1) Figure out what the actual problems is.
Start by taking a breath and having each family member ask themselves what they are actually upset about. Is it that the laundry was left in the washing machine once again or is it that there is an uneven share of housework? Once this has been decided, agree and stick to one topic at a time. Often, unrelated issues get brought up during an argument as a way to distract from the issue at hand. By agreeing on the issue and sticking to that subject, actual work can be done.
2) Stay calm and respectful of others.
Every member of the family needs to agree ahead of the argument to stay as calm and respectful as possible. This includes not using degrading language (including swearing at each other, blaming each other for the issue), not yelling at each other and taking turns talking and most important, listening to each other.
In order to accomplish this, I advise my client to use a method where the family members have a totem (I enjoy using a piece of tile that was received free at the local hardware store in order to indicate who “has the floor.”). The family members take turns holding the totem and discussing their side of the argument with a maximum of 30 seconds to express themselves. The next step is to give the other family member the totem and they must first summarize what was just said then have 30 more seconds to express their point of view. If this is sounding a little like the rules of a Presidential debate, well, it is. The rules are in place in order to allow that each family member can express themselves and feel heard. This also clears up misunderstandings that can occur. People will come to the conversation with their own view and this often brings misunderstanding to the conversation. People hear what they want to hear.
If things get too heated, don’t simply walk away from the conversation. Stonewalling (or the practice of not listening or responding-simply shutting down and no longer participating) can be a major culprit of conflict that remains unsolved or chronic. If things reach a point, take a break, a time-out. We understand that the rules won’t be followed 100% of the time, so taking a break can be helpful. When doing this, it is very important to set a time to come back to the conversation and follow-through with his time. The time-out can be 10 minutes, 30 minutes or even a day if needed. As long as you come back and continue the conversation that is all that matters.
3) Express the feelings and needs of yourself.
One of my favorite ways to express this is by using “I-statements”.
“I feel Insert feeling word, when you Insert specific behavior and I need _________.”
Using this formula, allows the listener not to feel blamed and allows people to to express what is actually going on and what they need.
For example: “I feel angry when you don’t switch the laundry to the dryer after I’ve asked you to do so.
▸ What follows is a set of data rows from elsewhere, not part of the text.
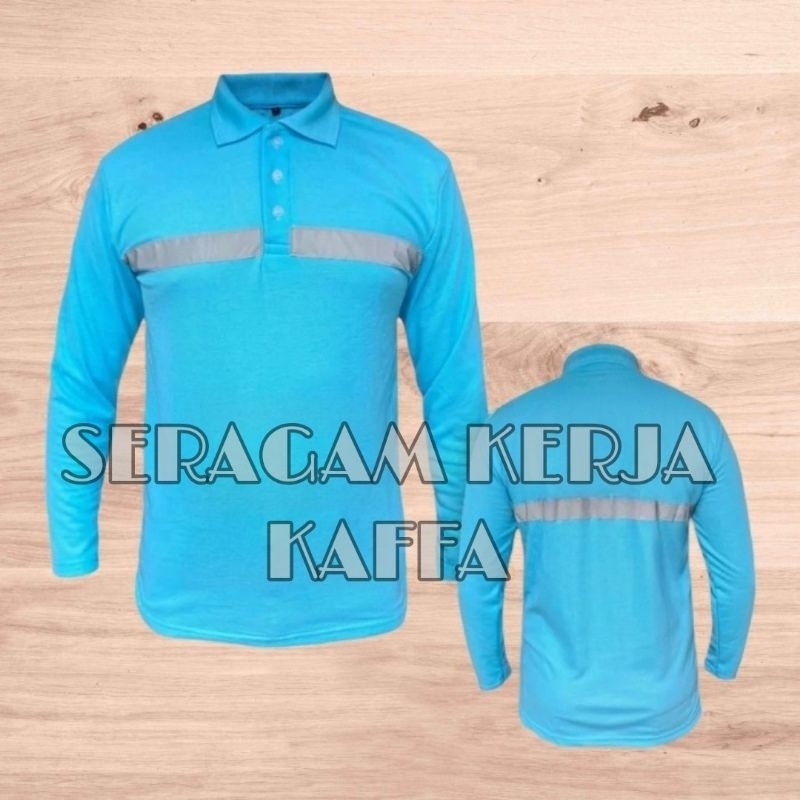 COD Kaos POLO BIRU MUDA kerah panjang safety baju bengkel kaos perusahaan/pabrik kaos Safety Model T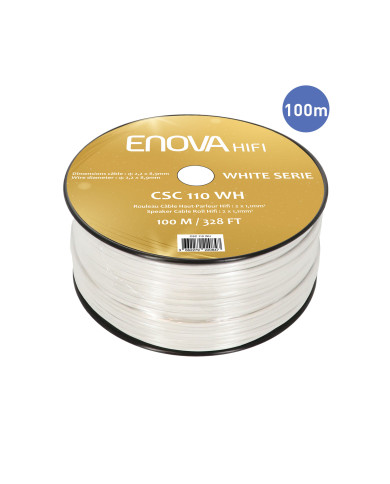 Rouleau Câble Haut-Parleur Ligne Blanc 2 x 1,1mm² - 100m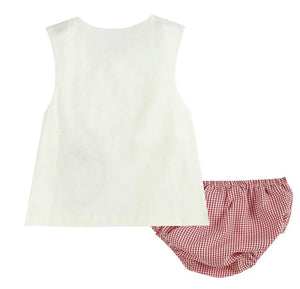 Red Gingham Apple Applique
Sleeveless Top and Bloomers - Image #3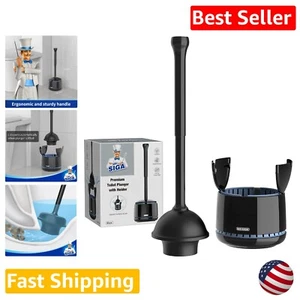 Space-Saving Heavy Duty Toilet Plunger and Holder Combo - Elegant Black Design - Picture 1 of 8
I need for you to switch the laundry when told.”
Using this formula and rules, each family member will come with a compromise or an understanding of each other’s feelings and desires. Sometimes, there isn’t a perfect answer or compromise to be made. However, if each family member feels heard then this can help with the long term-goals of improved communication.
While these practical rules for arguing seem pretty straight forward, I can promise from experience with families that I’ve worked with that these can be very difficult to adhere to. My suggestion is to print out the rules and have them readily available to show while in the conversation. I also suggest that family members needs to have grace for one another when learning these techniques. No one will ever be able to adhere to the rules 100% of the time and learning them is difficult. Having grace for family members will help not only to improve family communication, but will help the family members eventually come to a compromise or understanding. Keep trying. These techniques work. It just takes time to learn them.